You give DSPy (1) your free-form code with declarative calls to LMs, (2) a few inputs [labels optional], and (3) some validation metric [e.g., sanity checks].
It simulates your code on the inputs. When there's an LM call, it will make one or more simple zero-shot calls that respect your declarative signature. Think of this like a more general form of "function calling" if you will. It's just trying out things to see what passes your validation logic, but it's a highly-constrained search process.
The constraints enforced by the signature (per LM call) and the validation metric allow the compiler [with some metaprogramming tricks] to gather "good" and "bad" examples of execution for every step in which your code calls an LM. Even if you have no labels for it, because you're just exploring different pipelines. (Who has time to label each step?)

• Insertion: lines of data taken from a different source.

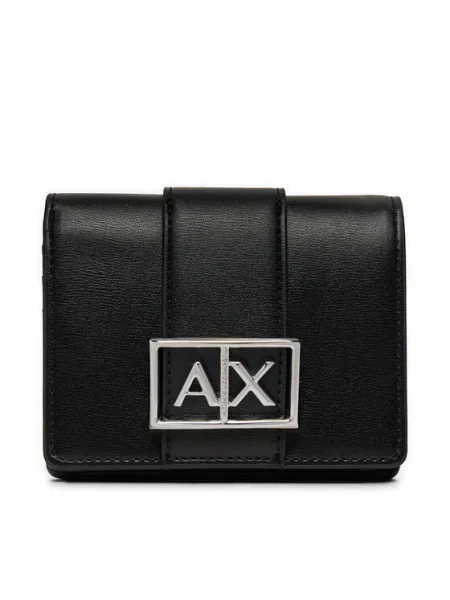 Peňaženka Armani Exchange čierna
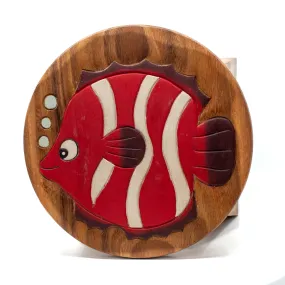 Children's Stool - Fish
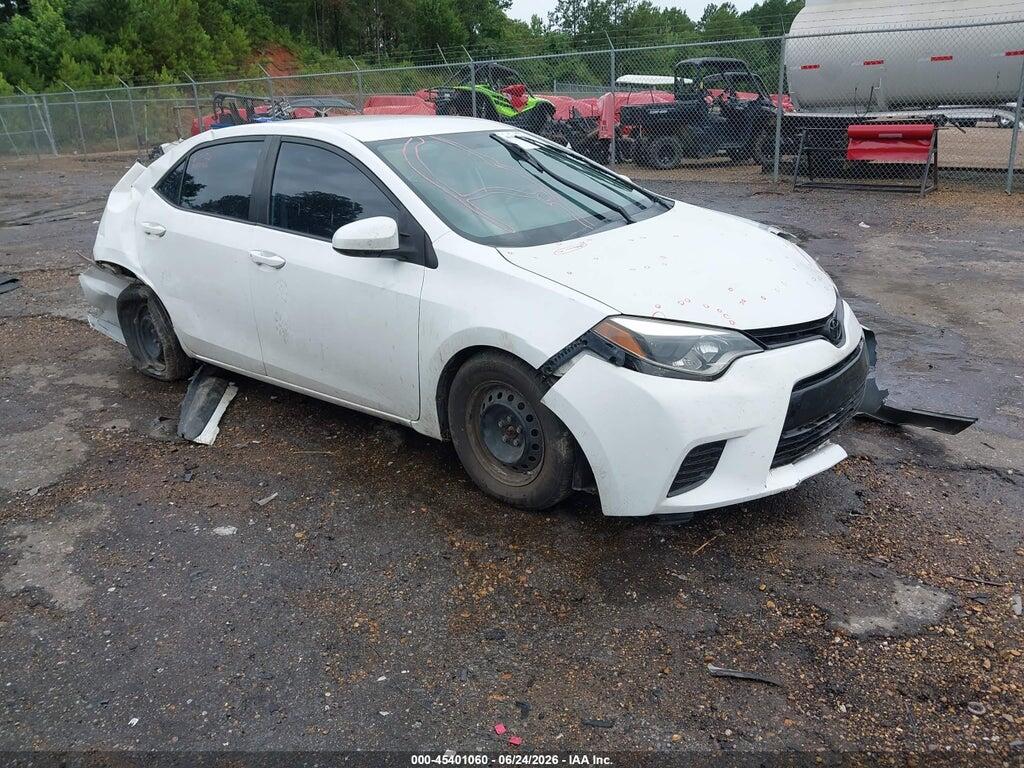2T1BURHEXGC522698 2016 TOYOTA COROLLA photo no. 1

For now, we throw away the bad examples. The good examples become potential demonstrations. The compiler can now do an optimization process to find the best combination of these automatically bootstrapped demonstrations in the prompts. Maybe the best on average, maybe (in principle) the predicted best for a specific input. There's no magic here, it's just optimizing your metric.
The same bootstrapping logic lends itself (with more internal metaprogramming tricks, which you don't need to worry about) to finetuning models for your LM calls, instead of prompting.
In practice, this works really well because even tiny LMs can do powerful things when they see a few well-selected examples.